During the course of lunch one of the folks I was with leaned over and said "You really look good. What are you doing?" Her friends smiled and asked the same question. That's all it took. I launched into a journey through Sparkpeople.com and what it was, what it meant etc. They were writing all of this down.
One of them looked at me and said "What did you order for lunch?"
"Turkey club, with cole slaw"
"Change my order to that," she told the server. So did everyone else.
They promised to check out the web site and were very positive about the whole conversation. Other than being really proud I politely refused the peanut butter cheese cake for desert, here's my point:
Each of you who has been supportive of me, who has encouraged me and who has got on me when I needed it was there with me. That was our. I could not have done it without any of you. Each of you is important to me and I pray I do not forget that.
Once again, thank you.
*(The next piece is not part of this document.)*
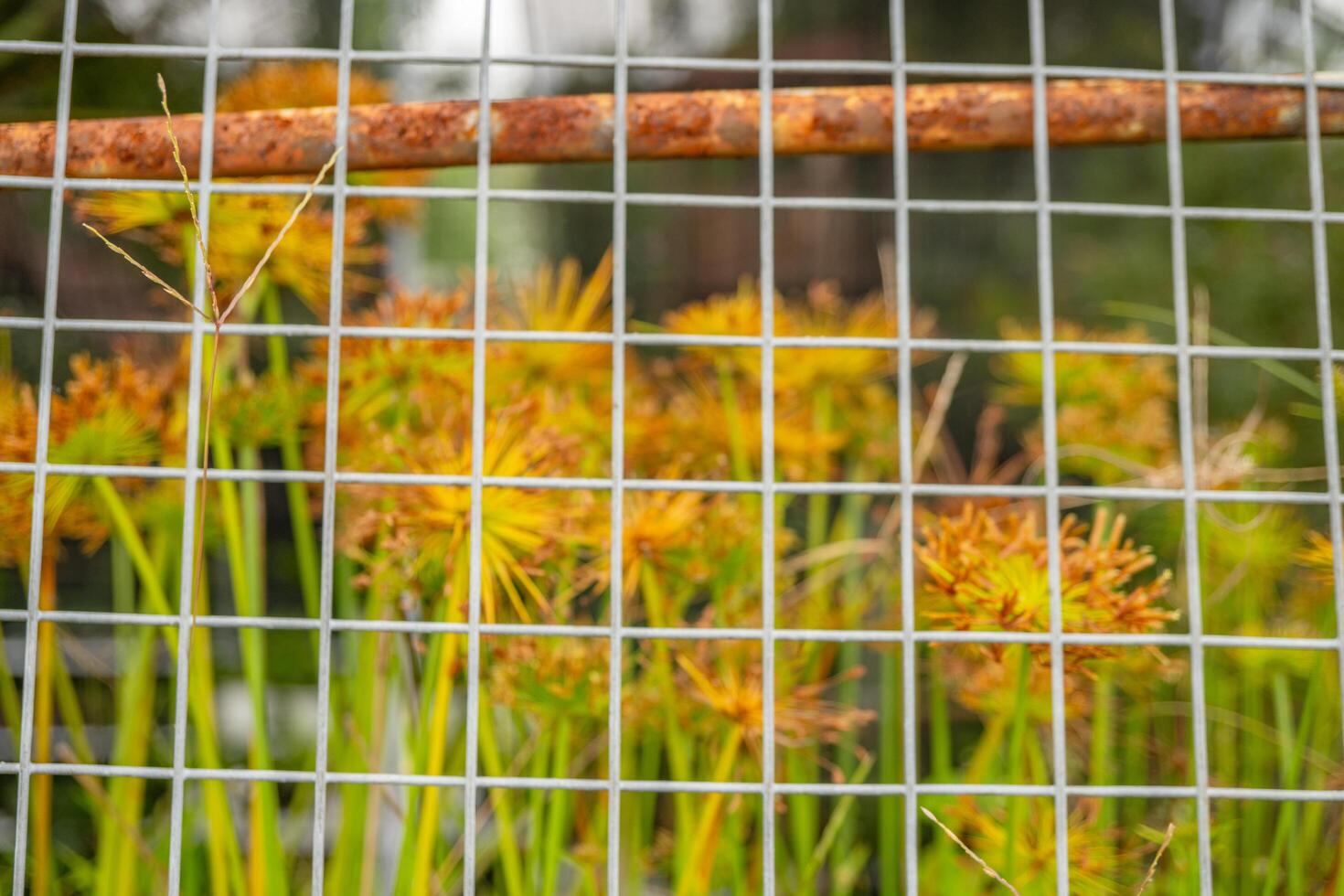 dekorativ Pflanze Cyperus Papyrus auf das Grün Garten. das Foto ist geeignet zu verwenden zum botanisch Hintergrund, Natur Poster und Flora Bildung Inhalt Medien.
Have a memorable Friday.
Thursday, January 21, 2010
I believe I have created every excuse possible as to why I am over weight. Write me and I'll send you all of them. I quit smoking five years ago and my body never adjusted. I travel for a living and am forced to unhealthy food. (I have pictures of the people that hold me down and force me to eat it!!!!) I am getting older and my metabolism is slowing down....... I can go on and on.
What I have had in the past five years is a lot of failure. I dont care how positive you think, how much you try to motivate yourself, failure compounded by excuses makes John an insecure individual. Yuck, what a mess.
All I had to do was look in the mirror and that would make me feel even worse. I am sure a lot of you have been there and know what I am talking about. You feel so gosh darned out of place that you want to hole up in a corner and cry.
Enough with the sadness John.
I read a book, actually listened to it on CD. It's called "Excuse Me, Your Life Is Waiting. In my listening/reading the author challenged us to an interesting exercise. Every day for thirty days write one really good, great, and wonderful thing about yourself. Take that one thing and throughout your day think about it.
Let me tell you its tough. Every morning I'd get stressed. What else is there about me that's good? I made it through and now part of my morning ritual is to read all thirty things, out loud, to myself. I put a little bit of background music to it. They are not all serious things. I have fun stuff about me also. I am a most excellent cook. I sing very well. I play a mean set of drums. By the end of the list I am inspiring me. Who is this really cool guy????
It increases my capacity to give to others but most importantly it increases my capacity to take. That's right, take. I have participated in things similar to spark.com in the past but not without the overwhelming support I receive from everyone I have gotten to know and will get to know. I cannot do this alone and neither can you. But if I dont feel good about me I am useless to you. and if I dont feel I am worth it all how in the name of all that is holy can I allow you to give to me?
One thing about you each day for thirty days. Very tough. At the end you start seeing all those wonderful things in other people.
Thank all of you for being who all of you are.
If you'd like my list to get an idea of what I am talking about let me know and I'll
Spark mail it to ya.
Have a good day. A good day is any day that you're alive.